Dry Heat: Reflections on Loss and Love

“But it’s dry heat” my dad used to say when I would suggest that summers in Tucson were truly unbearable.  “In other words, my dear Daddy, rather than a cleansing steam bath, it is like baking in a hot oven.” I would sarcastically respond. Ignoring my remark he would warn, “Just make certain you drink water before you get thirsty, the dry air evaporates your sweat before you realize you are losing fluids.” 

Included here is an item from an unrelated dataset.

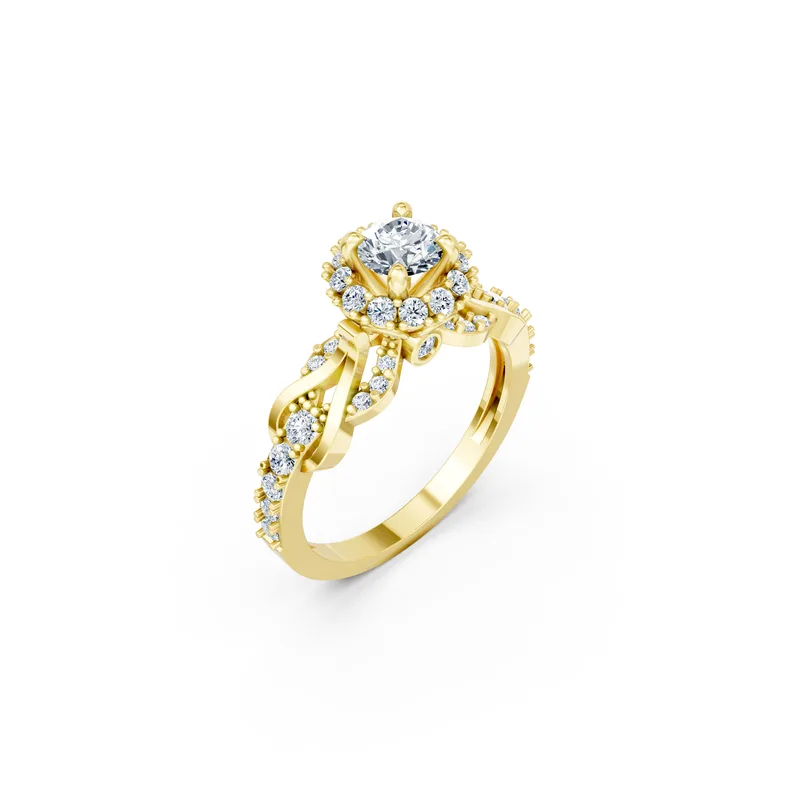 18K Gold Diamond Engagement Ring (R440) – Rings by Ivanka & Co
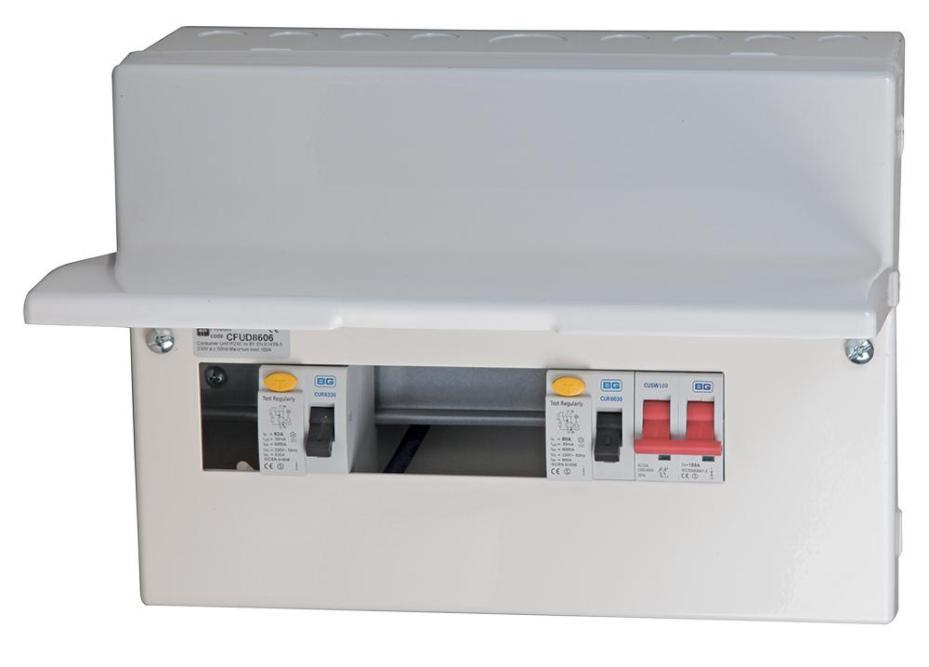 6-Way Unpopulated Dual RCD Consumer Unit, 100A Switch, 1x 80A &amp; 1x 63A, 30mA RCDs - CFUD8606-01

It was one of those blistering days in June, a Tucson summer in full blaze when I came together with my 3 children to say goodbye to my mother who had spent the last 4 weeks in the memory care unit down the hall from where she and my dad had lived in a small two room assisted living apartment for several months.  Those last moments with her are forever a part of the fabric I continue to add to the patchwork quilt that houses my journey.  A square for each memory, each joy, sorrow, heartbreak, success and failure the colors and textures that make a single life.  As my mother’s last patch was being fitted into the colorful and eclectic pattern of her life’s quilt, I gazed at her asleep on a mattress on the floor of her small room.  She had been sleeping on the floor for some time because of an irrational delusion around sleeping up on the bed.  This was the woman who gave me life. My impulse was to lie down next to her for one last cuddle, with her adoring grandchildren surrounding. A movie perfect image to be sure.

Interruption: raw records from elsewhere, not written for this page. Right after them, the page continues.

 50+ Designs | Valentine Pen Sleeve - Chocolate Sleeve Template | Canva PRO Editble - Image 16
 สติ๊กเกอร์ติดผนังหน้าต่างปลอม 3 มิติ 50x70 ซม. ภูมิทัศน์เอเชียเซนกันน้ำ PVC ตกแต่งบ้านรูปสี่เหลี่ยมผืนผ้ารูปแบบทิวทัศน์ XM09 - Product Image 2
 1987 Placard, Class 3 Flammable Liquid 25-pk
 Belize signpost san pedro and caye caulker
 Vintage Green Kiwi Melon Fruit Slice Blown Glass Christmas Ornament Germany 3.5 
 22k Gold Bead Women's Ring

Shifting my thoughts to the consequences here in the real world, realizing how she would startle awake, leaving the peace of slumber to once again be enveloped in the panic that had replaced her wit, humor and creativity I decided to leave her in peace. If not we would leave for the airport and the staff on the unit would be left with a screaming hysterical shell of the woman I had called Mother for 60 years. No, I closed the door quietly to the relief of the nurse and we each alone in our grief, silently said our final goodbyes.  

Today, the humidity hangs in the air on my porch in South Dakota, where I sit and reflect on how elastic time is.  9 years ago today my mother’s journey on earth was complete. It seems impossible that it has been that long, and on the other hand it seems like forever ago.  

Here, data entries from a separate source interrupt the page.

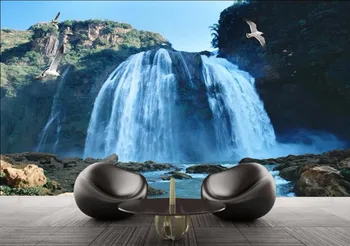 

custom Waterfall water scenery wallpapers for living room Bedroom Background Wall Non-woven 3 d wallpaper brick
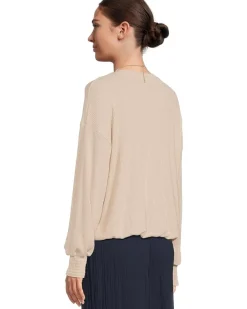 Michael Stars Tia Ribbed Crew Neck Sweatshirt w/ Smocked Cuffs Women's
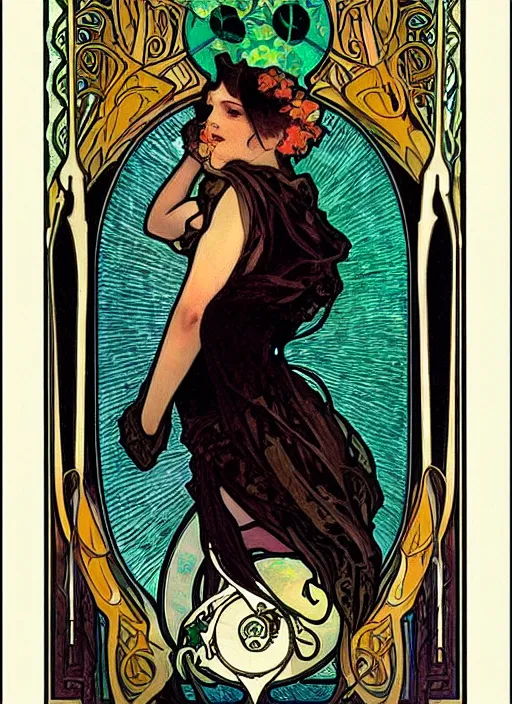 Prompt: an art nouveau painting by alphonse mucha of death, tarot card style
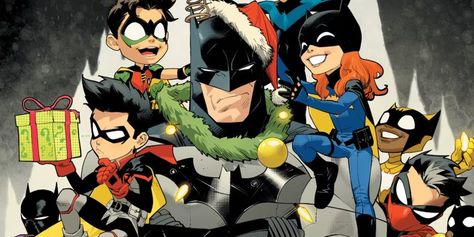 A holiday card variant turns Batman into the DC Universe’s most festive hero as the Bat-Family shares the Christmas spirit by decorating him. Dan Mora Red Hood, Damian Wayne Christmas, Batfamily Christmas, Dan Mora Robin, Batman Dan Mora, Dan Mora Batman, Bat Family Members, Dan Mora, Batman & Robin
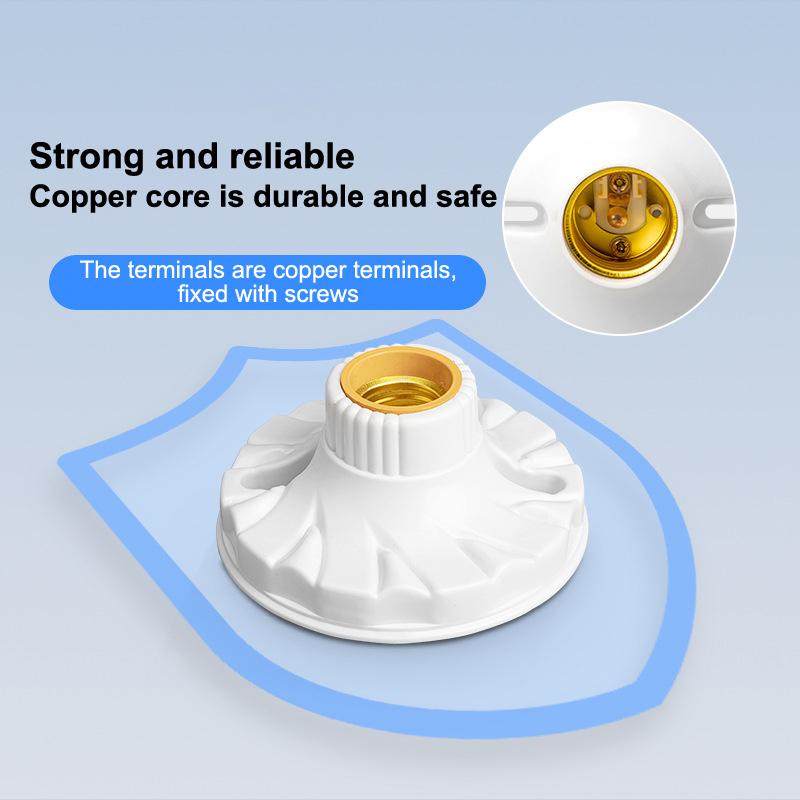 250V E27 Lamp Holder Socket Ceiling Mounted, Bakelite Porcelain Base Screw Edison Bulb Socket For Home Project Use T3Y4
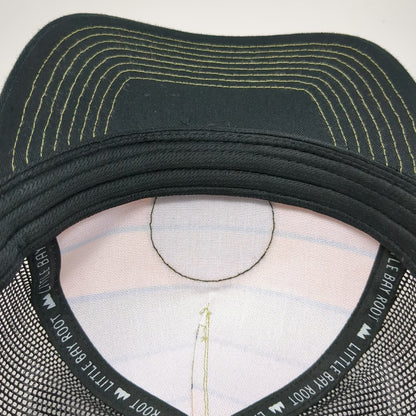 Little Bay Root Trucker Hat Black One Size Mountain Bend Patch Retro Stripes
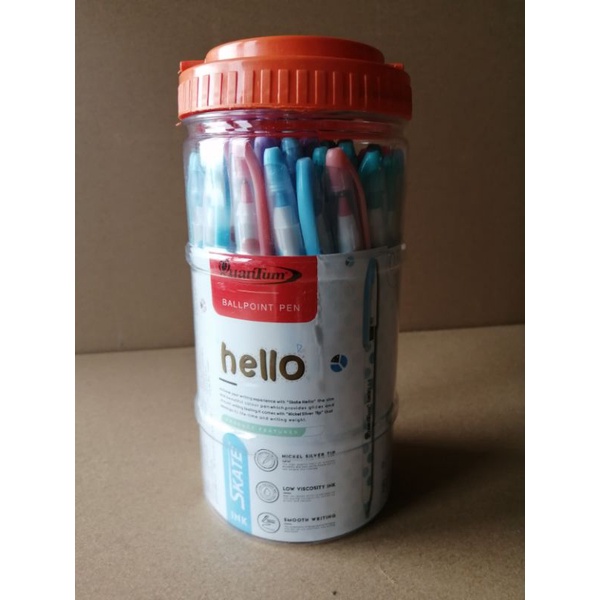 ปากกา​ QuanTum​ hello หมึก​สีน้ำเงิน​ 0.5​ มม.​ 1​ กระปุก​ มี​ 50​ ด้าม​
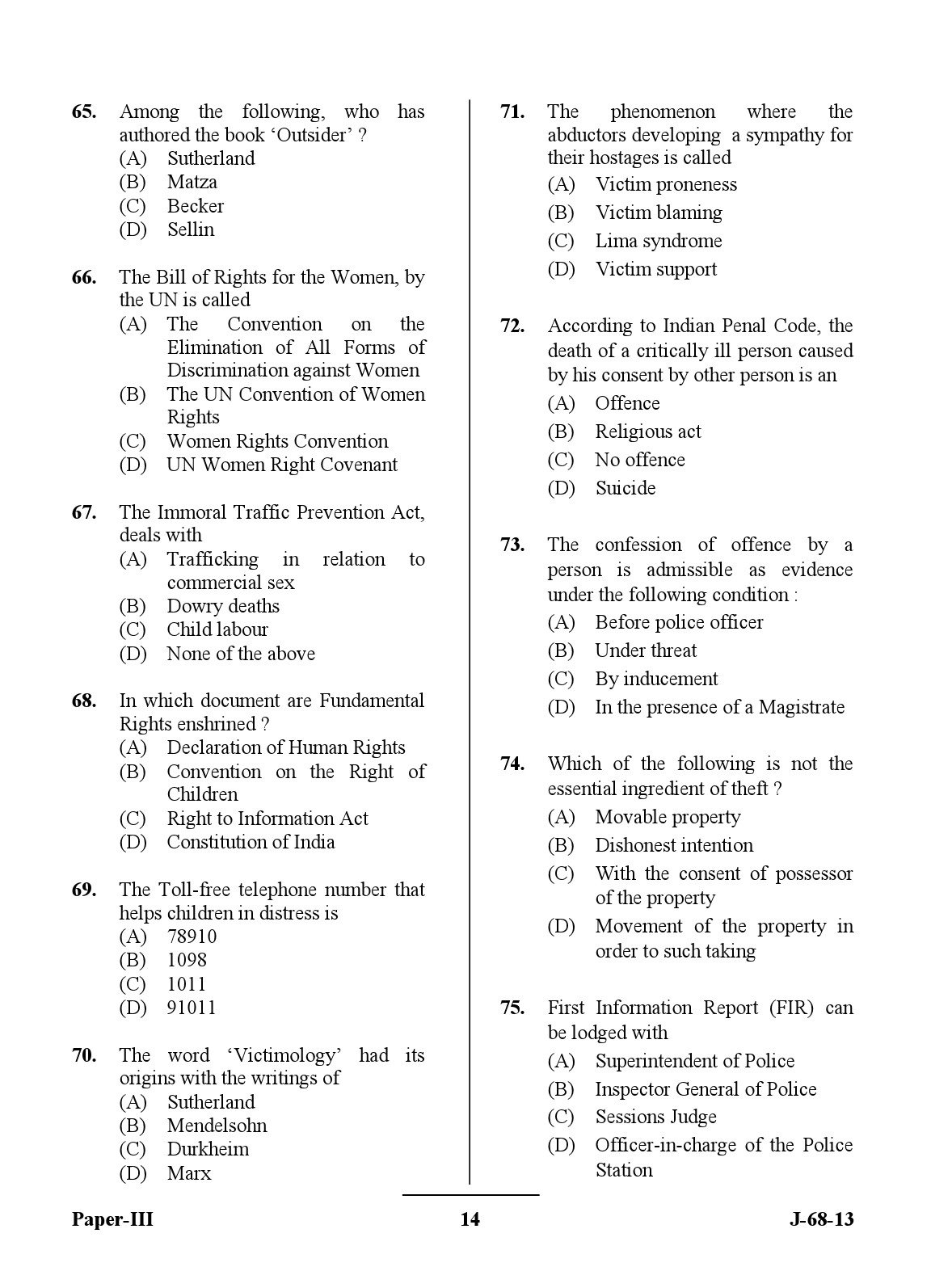 UGC NET Criminology Question Paper III June 2013 14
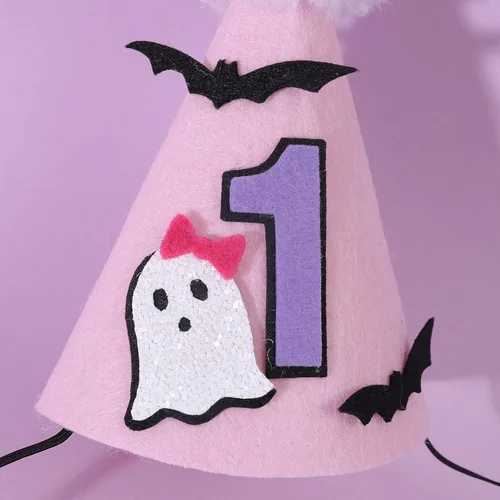 Miniatura 9 de Sombrero de fantasma rosa de Halloween para primer cumpleaños con murciélagos, corona espeluznante de un cumpleaños, bonita decoración de Halloween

I feel her presence almost daily, it is there whenever I open my heart to the possibility that she lives on in the energy that once filled her human body, and in the love that I finally can feel, and in the memories of the moments when she hit her stride as a parent and gave the exact right answer to the profound pondering of a child, her only daughter, or reacted in a way that felt gentle to my soul.  

My mother’s death was not my first rodeo with loss. The longer the journey, the more places one has lived and friends you have made along the way, the more chances the universe has in prying open the deep regions of our hearts lifting the floodgates of sorrow.  I have learned that those tidal waves recede with time. With each new loss they wash over my soul once more, perhaps no longer as a tsunami but now a wave that leaves tears on my cheeks and a longing in my chest.  

There once was a time that I panicked with the imagined moment of my own death.  It was a heart stopping breathtaking feeling of entrapment that I struggled to reckoned with.  There is no way out I would think as I attempted to gain control of my breathing, I am stuck in this body that is prey to the inevitability of the circle of life. With time, I have put my mortality and that of loved ones in perspective.  I realize that there are many many things out of my control and to spend concern and worry and energy attempting to control those things only takes the focus away from the here and now resulting in missed opportunities and the simple pleasures and joys that each moment of each day holds.  Life is too short for the worry, the shoulds and should nots, the deferring of gratification year after year.  There is no stopping the passage of time which takes on an elastic quality the older I become, with the past and present converging in a place not of this world but of a place out in the universe where there are no manmade conventions, no societal norms, or rules that keep us grounded, nailed fast to the earth. 

Indeed my mother’s dying and death were not my first rodeo and there will be many more, that I am certain.  For today, I will breathe in the humid heat of a Midwest summer and embrace what joy and love there is in this moment, on my porch in South Dakota.